If that interested you, and I hope against hope that it did, I have another talk in mind. This one’s called “Your Body Language Shapes Who You Are,” by Amy Cuddy. Again, it’s nothing you haven’t heard before: just that feeling and acting powerful will cause you to become powerful. Lame, right?
Wrong. I advise you to watch it. Or, in case you won’t, I’ll ask you to do just one thing: try out her claim. Her suggestion, oversimplified by me, is: next time you’re going up in an elevator to get to a big interview or jury or presentation or whatever worries you, do a “power pose.” Stand tall, square your shoulders (basically like a soldier) and do NOT cross your arms. Expand your body, and keep the pose for two minutes, then release. If you “fake it” for two minutes, you can “make it” when on trial. If you do this enough times, apparently you can eventually “become” it. I’m gonna try it the next time before a jury, for sure.

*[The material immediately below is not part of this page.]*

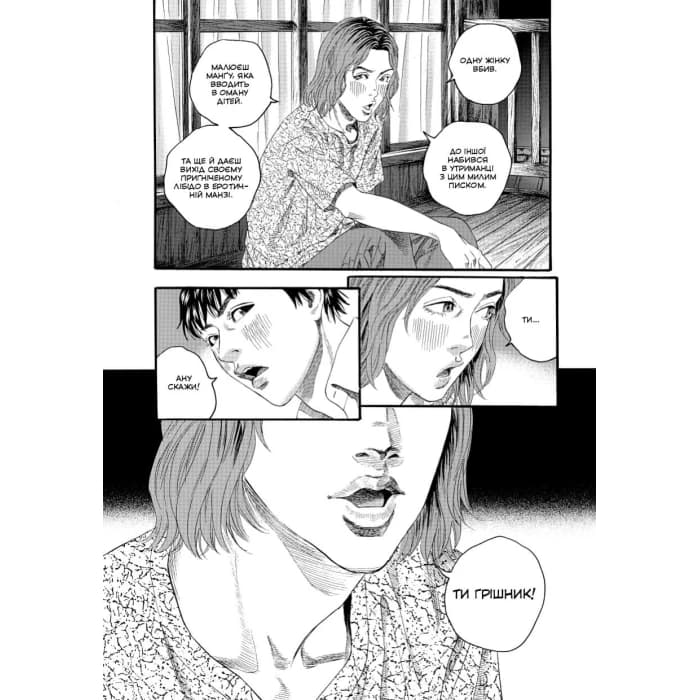 Крах людини. Том 3, фото - 2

After watching these two, though, I now want to hear a TED Talk about how to give TED Talks. The people who do them, although not always relaxed (in fact, they’re often so nervous that their voices are shaking, like Cuddy’s), deliver 20-minute speeches from memory—speeches that don’t sound particularly rehearsed. Maybe they have cues on the screens or something, but even so, the talks are composed of little jokes and casual remarks to such a large extent that thematic cues probably wouldn’t be enough to keep the speaker on track. I wonder what their secret is. It’s probably something new age-y, like “empower yourself.” Or, do a power pose.